The lack of heterogeneity corrections in the prior series of CW toxicity may have also played a factor in the differences in the incidence of CW toxicity observed in comparison to our study. The 20 Gy×3 fraction regimen used in RTOG 0236, and for the majority of patients in the Dunlap et al, Stephans et al and Woody et al series, is equivalent after heterogeneity correction to the 18 Gy×3 used in our series [19]. Of note, this conversion was based on a 2009 multi-institutional study which compared plans without heterogeneity corrections from patients treated on RTOG 0236 to the same plan, calculated using the same monitor units, using a superposition/convolution dose algorithm with heterogeneity corrections. This study found significant differences in dose between corrected and non-corrected plans and recommended that a lower dose (18–19 Gy for 3 fractions) be used in place of 20Gy in three fractions if heterogeneity corrections are used. This study also demonstrated that doses in normal tissues were markedly increased and exceeded the protocol-specified constraints in at least a few cases after heterogeneity correction. While CW constraints were not included in RTOG 0236, previous studies [7]–[8] have clearly indicated that the risk of CW toxicity increases rapidly if the volume receiving a high dose (e.g. V60) exceeds a given threshold. Thus, the greater accuracy of a heterogeneity corrected dose calculation may reveal high dose areas in the CW, which can potentially be reduced by plan optimization, which would not be shown if corrections were not used.

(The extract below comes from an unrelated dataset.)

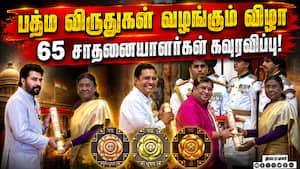 ரோஹித் சர்மா, நடிகர் மம்முட்டி உட்பட 65 பேருக்கு விருது வழங்கி கவுரவித்தார் ஜனாதிபதி 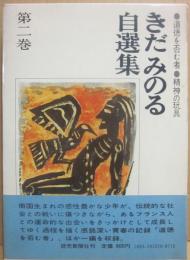 きだみのる自選集　第２巻　道徳を否む者　精神の玩具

Limitations of this study include the retrospective design, and the lack of patient reported outcomes. Additionally, given the small number of CW toxicity events, our study may be underpowered to detect further associations between CW toxicity and the clinical and dosimetric variables included in our univariate analyses. Thus, additional clinical and dosimetric constraints, which may be important after controlling for V30 in the planning process and with risk-adapted fractionation, could still be identified with further study in a larger series with a larger number of total events.

In summary, risk-adapted fractionation that incorporates CW V30 constraints results in a low incidence of CW toxicity, and we did not identify any additional patient, tumor or dosimetric variables that predict for CW toxicity.

Conclusion

Risk-adapted fractionation based on tumor and dosimetric factors can be used for lung SBRT treatments and results in a low incidence of CW toxicity. The treatment methods used at our institution have been shown to produce a lower rate of CW pain for lung SBRT patients than previously reported in the literature. A thorough analysis of patient, tumor and dosimetric variables for potential predictors of CW toxicity did not identify any statistically significant associations. We conclude that our planning methods are associated with a low risk of CW toxicity. At present, there are no apparent dosimetric parameters to pursue for further reduction of the incidence of CW pain, but with continued study, relevant parameters may be identified.